● **Task details**
A word-for-word copy of the following listing is needed. Leave out its images.

● **Dataset extract**
== == ==

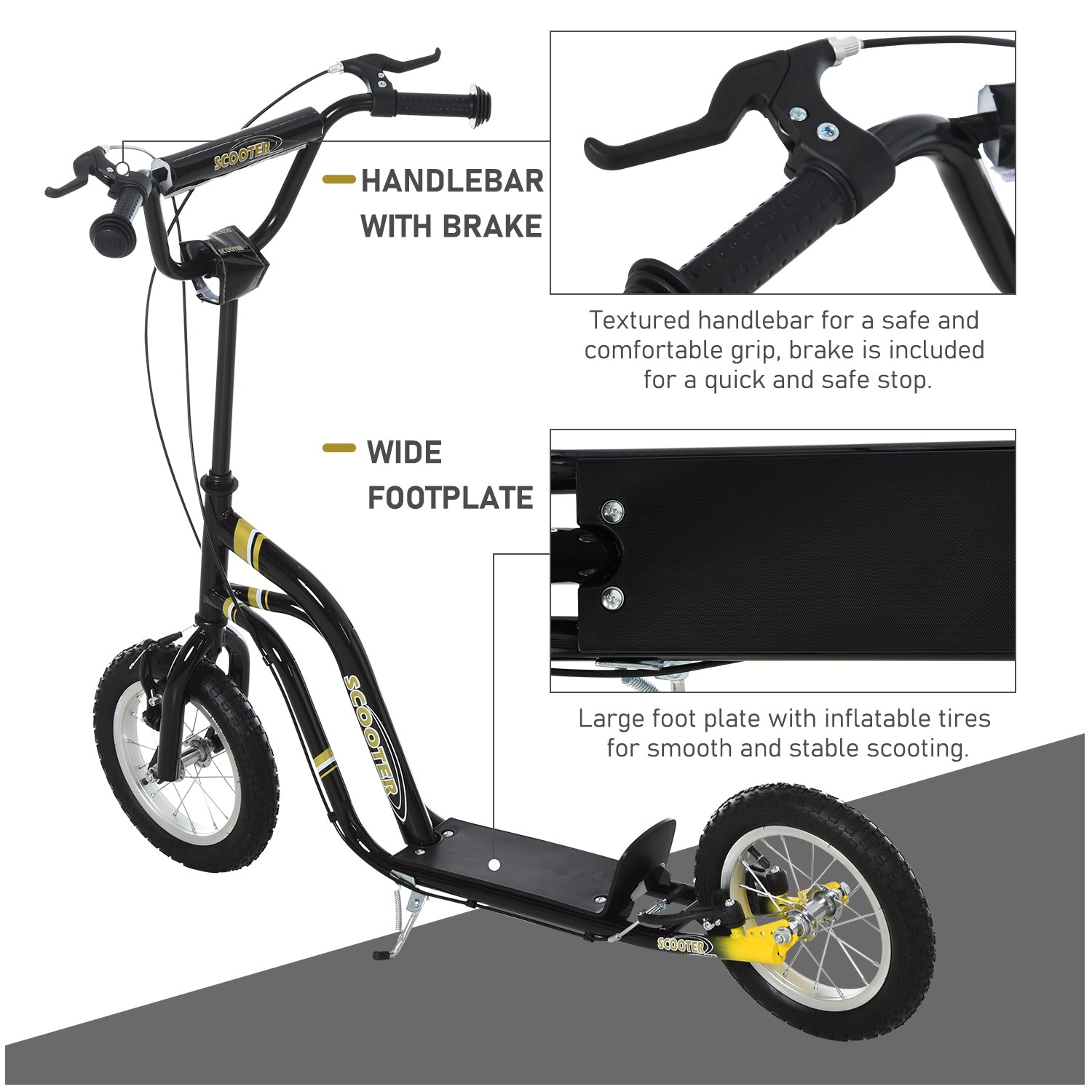 HOMCOM Teen Kids Stunt Scooter with Adjustable Handlebar, 12 Inch Rubber Tyres, Dual Brakes in Black-4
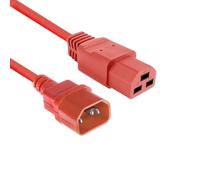 ACT Cable de alimentación C14 - C21 Hembra a C14 Macho C14 Cable de alimentación IEC 60320 Cable de alimentación 3 m Rojo para Servidor PDU alimentación SAI - AK5379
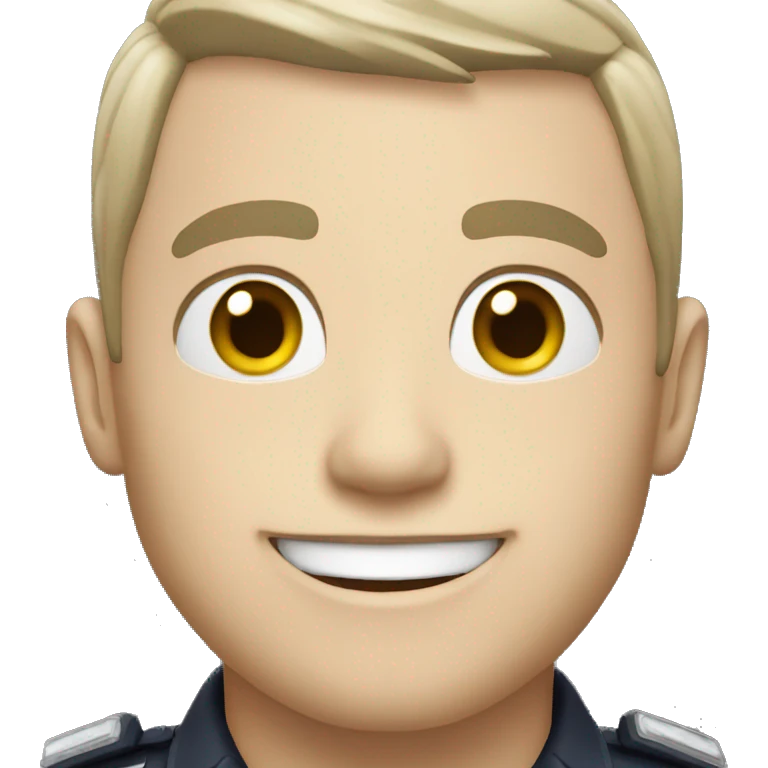 A police man, white skin, happy emoji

== == ==

● **Written answer**
 HOMCOM Teen Kids Stunt Scooter with Adjustable Handlebar, 12 Inch Rubber Tyres, Dual Brakes in Black-4
 ACT Cable de alimentación C14 - C21 Hembra a C14 Macho C14 Cable de alimentación IEC 60320 Cable de alimentación 3 m Rojo para Servidor PDU alimentación SAI - AK5379
 A police man, white skin, happy emoji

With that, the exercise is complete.